Но его вера в будущее русской революции основывалась также на историческом опыте — на французской революции. Ибо, как мы уже видели, главный урок, который извлекли из нее в XIX веке, состоял в том, что революция — это не единичное событие, а процесс. Для достижения логического, или «классического», по мнению Ленина и большинства марксистов, результата буржуазной революции — создания демократической парламентской республики — потребовалось почти сто лет. Революция — это не 1789 год, не 1791 или 1793— 1794 годы, не годы правления Директории или Наполеона, не годы Реставрации, не 1830, не 1848 год, не годы II Империи. Все это были лишь фазы сложного
85 и противоречивого процесса создания основ буржуазного общества во Франции. Напрашивается вопрос: почему бы Ленину в 1923 году не предположить, что русская революция точно так же будет длительным историческим процессом со своими взлетами и падениями?

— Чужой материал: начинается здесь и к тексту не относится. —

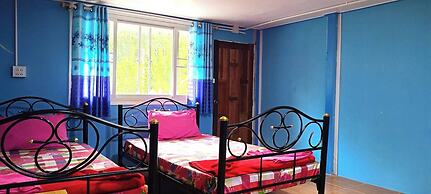 Krasom Homestay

Сегодня, 70 лет спустя, трудно судить об отношении к этому процессу нынешних советских людей, ибо в нестройном хоре голосов, впервые со времен революции громко зазвучавших в стране, трудно уловить основную мелодию. Одно, однако, ясно. Память о французской революции все еще жива, что вряд ли вызовет удивление у тех, кто знаком с историей СССР. Сама французская революция подвергается пересмотру. Весьма вероятно, что фигура Робеспьера будет представлена в советской историографии в несколько менее привлекательном свете, чем прежде. Однако в год двухсотлетия Великой французской революции, год открытия работы первого в стране действительно избранного Съезда народных депутатов кое-кому из интеллектуалов в России Горбачева приходит на ум еще одна параллель. Созыв Генеральных штатов и превращение их в Национальное собрание положили начало преобразованию всей жизни Франции. Эта аналогия ничем не лучше и не хуже других попыток увидеть отражение одного исторического события в другом. Это также типичный пример версии какого-то исторического события, определяющейся существующими в данный момент политическими настроениями или позицией говорящего. Можно не соглашаться с одним сторонником демократических реформ, который в середине 1989 года, после того как выдвинутое его группой предложение было забаллотировано I Съездом в Москве, писал:
«Сегодня, когда нам все еще понятны события во Франции двухсотлетней давности — а Горбачев называет перестройку революцией, — я хотел бы напомнить, что третье сословие также составляло тогда лишь треть депутатов, однако именно эта треть составила подлинно Национальное собрание» [71].
Важно, что революция 1789 года по-прежнему не утратила своего значения, являя собой модель и пример для стремящихся преобразовать советскую систему. И в 1989 году события 1789 года остаются или вновь стали более актуальными, чем события 1917 года, даже в стране, где произошла Октябрьская революция.